"Food and Drug Administration says that a certain amount of contamination is
unavoidable in commercial food processing, so it allows for a small amount of
"filth" before taking action. "it is economically impractical to grow,
harvest, or process raw products that are totally free of non-hazardous,
naturally occurring, unavoidable defects." http://www.cbsnews.com/8301-504763_162-20013038-10391704.html
Someone tell me what is unavoidable about maggots and rat hair in my food? I need someone to breakdown the economically impractical part. Are you too cheap? Does it cost too much? What does that mean.
The list:
20 or more maggots in canned mushrooms (is someone opening these cans and inspecting the amount of maggots in them?)
12% or more of mold in fruit
1 rodent hair in peanut butter (once again, is someone counting the hairs in the peanut butter)

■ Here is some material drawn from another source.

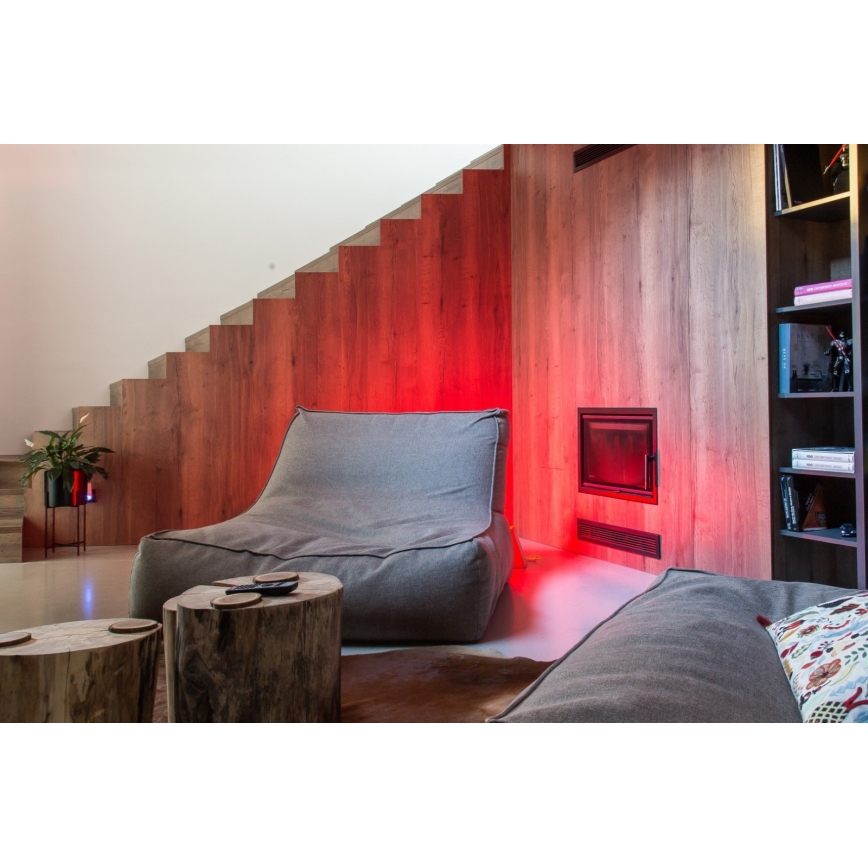 Immax NEO 07726L - Ruban LED RGB+CCT à intensité variable NEO LITE LED/24W/230V 5 m IP65 Wi-Fi Tuya + télécommande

foreign matter including cigarette butt(it is economically impractical to tell your workers not to put stuff in my food. I understand)
animal feces (heaven forbid you call an exterminator)
15 fruit fly eggs
25mg of sand in peanut butter
40 thrips on asparagus and in beer
60 parasite for 100 fish(more than 50% of my fish is allowed to have parasites on it)
325 mg of insect feces can end up in your spices
sticks and stones
Am I wrong that I'm listening to Michael Jackson's "They Don't Care About Us?" because that's how I feel. Who made these rules? Don't answer that. I'm really convinced that FDA is all about getting their palms greased and could care less about the consumer. Who allows maggots in food? Let's cook at home.